Chapter 9 :: [APAKAH CINTA SESAKIT INI?]

70 14 1
                                    

Kini Risa tak lagi mendengar teriakan Shinta yang tadinya melengking di telinganya. Entahlah, ia kini berada jauh dari rumah sakit, sangat jauh dan kini ia sangat terlihat bodoh. Dengan pakaianya yang basah kuyup ia berjalan ditengah derasnya hujan, banyak orang yang melihat Risa.

Mungkin mereka beranggapan bahwa Risa adalah orang gila yang kabur dari rumah sakit jiwa atau bisa saja Risa sedang dikejar anjing peliharaan tetangga, tapi siapa yang peduli akan hal itu, yang dipikirkan Risa sekarang ini adalah kejadian yang ia lihat di rumah sakit barusan.

Risa hanya tertunduk sambil terus berjalan, air matanya kembali menetes ditengah derasnya hujan. Ia tak mengerti apa yang tengah dirasakanya sekarang ini.

'Terluka, benci, cinta, atau memang masih sayang. Ahh, siapa peduli. Tapi kenapa orang ketiganya harus 'Mutia'?

Kata- kata itu terus tergiang di benaknya yang membuat air matanya semakin deras mengalir, seiring dengan derasnya hujan yang mengalir membasahi wajahnya, yang membuat air matanya tersamarkan.

Hujan mampu menyamarkan air mataku
Namun, mengapa hujan takkan mampu menyamarkan luka hatiku?

Risa terus berjalan melewati trotoar panjang. Ia tak peduli dengan kendaraan yang ramai berlalu-lalang ditengah macetnya ibukota, orang-orang berlarian mencari tempat berteduh, begitupula hujan deras yang terus berjatuhan menjatuhi tubuh mungilnya, bak dijatuhi paku bertubi-tubi.

Namun, rasa sakit ini tak sebanding dengan sakit di hati Risa.
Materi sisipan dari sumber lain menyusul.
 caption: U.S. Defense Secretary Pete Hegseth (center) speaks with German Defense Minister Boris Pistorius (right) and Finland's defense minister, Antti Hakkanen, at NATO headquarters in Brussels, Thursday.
Ia terus berjalan, sampai akhirnya ia berhenti di depan sebuah rumah. Tanpa pikir panjang ia lantas mendorong gerbang besi berwarna hitam itu dan berjalan masuk ke rumah tersebut.
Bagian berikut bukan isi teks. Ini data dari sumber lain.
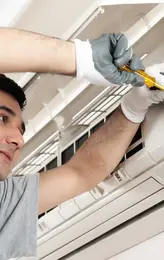 Air conditioner technician servicing indoor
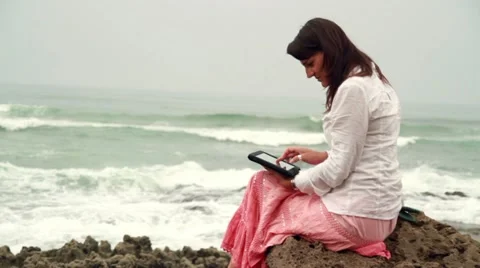 Attractive woman working on tablet computer on rocks at the sea Vídeos de archivo 10848563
Risa berhenti tepat di depan pintu rumah tersebut, didapatinya seorang wanita sedang sibuk mengaduk adonan kue yang berwana pink, Risa berjalan ke arah wanita tersebut.

"Risa, udah pulang?" tanpa menatapnya, rupanya wanita itu sudah sangat hafal siapa gadis yang tengah berdiri dihadapanya itu.

Risa masih diam tanpa menjawab sepatah katapun. Ia lantas menatap mamanya lalu berusaha menelan ludah dan menahan tangisnya agar suaranya tidak terdengar bergetar.

"Mama lagi bikin kue ya?" suaranya terdengar lirih.

"Iya nih lagi pengen aja"

"Kamu kok tumben pulang jam segini?" mamanya berhenti sejenak pada kegiatanya-- mengaduk adonan kue tersebut lalu menatap wajah Risa yang sembab dan badannya basah kuyup.

Tanpa pikir panjang mamanya lantas meninggalkan kegiatanya dan berjalan ke arah Risa-- anaknya.

"Kamu kenapa sayang?" mamanya mengusap pipi Risa lembut, lalu mendudukkanya di kursi.

"Kamu ada masalah apa sih? Cerita dong ke mama!"

Risa masih diam tak menjawab sepatah katapun dari pertanyaan ibunya itu. Kini, ia malah memeluk mamanya erat, lalu membenamkan kepalanya di dekapan mamanya.

Tanpa bertanya lagi, kini mamanya hanya membalas dengan memeluk Risa sambil mengusap pundaknya.

"Mungkin kak Felix udah bosen ma, sama Risa-" Kini Risa mau membuka mulutnya untuk berbicara.

Mamanya masih diam menunggu kata selanjutnya yang akan keluar dari mulut anak semata wayangnya itu.

"Aku kira kak Felix itu nggak kaya' cowok lain."

Mamanya mengangkat dagu Risa supaya mau menatap mamanya. "Kamu bener Ris, itulah laki-laki-" mamanya berhenti sejenak lalu melanjutkan perkataanya yang belum selesai,
"Ris, semua orang itu punya kelebihan juga kekurangan, kamu nggak akan pernah bisa dapetin cowok yang sempurna. Cowok kaya' gitu cuma ada di diary kamu. Sebaik-baiknya seseorang pasti ada sisi buruknya. Itu pasti" mamanya tersenyum menatap manik mata Risa yang sendu.